Candi Pegulingan
Candi Pegulingan adalah sebuah candi yang terletak di Kabupaten Gianyar, Bali dengan jarak kurang lebih 48 km dari kota Denpasar atau 16 km dari kota Gianyar dan memiliki ketinggian 551 mdpl, berada di sebelah timur, tidak jauh dari lingkungan Pura Tirta Empul, Tampaksiring.[1][2] Dari Balai Banjar Basangambu kita belok ke kiri dengan berjalan kaki melewati jalan setapak kira-kira ± 250 meter akan sampai di Pura Pegulingan.[3] Candi Pegulingan terdapat di dalam kompleks pura Pegulingan. Panorama alam di lingkungan ini sangat indah, dari Pura Pegulingan Istana Tampaksiring pun kelihatan indah jika kita menghadap ke arah barat. Posisi Pura ini juga sangat strategis karena terletak di areal persawahan, sehingga secara tidak langsung kita disuguhi panorama alam yang sangat indah.[3] Pura pegulingan sendiri berdasarkan Lontar Usana Bali diperkirakan dibangun pada masa pemerintahan Raja Masula Masuli di Bali pada abad ke 11 Masehi atau tahun caka 1178. Situs Pura Pegulingan ditemukan pada tahun 1982, pada saat itu masyarakat hendak mendirikan sebuah Padmasana.[1][3][4] Pada tahun 2012 kompleks Candi dan Pura Pegulingan masuk dalam wilayah B Lanskap kultur Provinsi Bali.[5] PenemuanCagar budaya di pura ini antara lain : sebuah stupa dan temuan lain berupa materai tanah liat, relief Gana, arca Budha dari emas dan fragmen-fragmen bangunan, kotak batu padas berisi materai tanah liat yang bertuliskan Formula Ye-Te dengan huruf pranagari berbahasa Sanskerta yang menguraikan mantra Agama Buddha Mahayana mengenai 3 ajaran Dharma.[1][4]
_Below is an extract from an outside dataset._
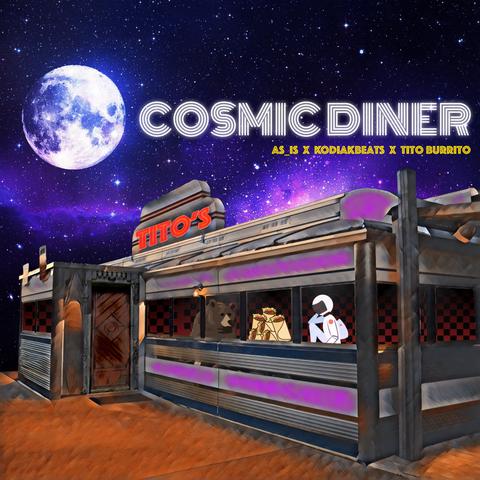 As_Is, KodiakBeats, & Tito Burrito - Cosmic Diner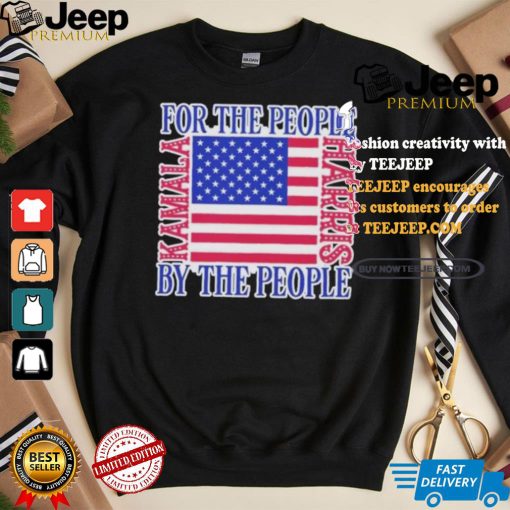 Kamala Harris For Us President For The People By The People I Stand With Kamala Harris Us Flag T shirt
Terjemahannya: “Sang Buddha (tathagata) telah berkata demikian Dharma ialah sebab atau pangkal dari segala kejadian (segala yang ada). Dan juga (Dharma itu) sebab atau pangkal dari kehancuran penderitaan. Demikianlah ajaran sang maha pertapa(Sang Budha)…” Arca Budha yang ada di Pura Pegulingan diperkirakan lima buah, terbuat dari batu padas, akan tetapi pada saat dilakukan penggalian hanya ditemukan empat buah dalam kondisi yang rusak.
Ditemukan juga sebuah mangkuk perunggu berisi lempengan emas dan perak bertulis, gambar atau simbol keagamaan seperti vajra dan padma. Ditemukan pula pedupaan, sebuah gelang perunggu dan miniatur stupa dengan yasti yang telah patah. Komponen miniatur stupa itu terdiri atas bagian kaki berbentuk segi delapan, berdiri di atas lapik padmaganda, kemudian anda di bagian tengah, pada bagian atas terdapat yasti berbentuk silinder. Pada bagian anda yang menghadap ke arah barat, berhias relief dua ekor gajah saling membelakangi di kanan dan kiri tangga gapura. Hal ini diduga melukiskan candrasengkala, yang mengandung arti. Gajah bernilai 8, gapura bernilai 9, dan gajah bernilai 8, sehingga sama dengan angka tahun 898 Saka atau 976 Masehi.[1][4]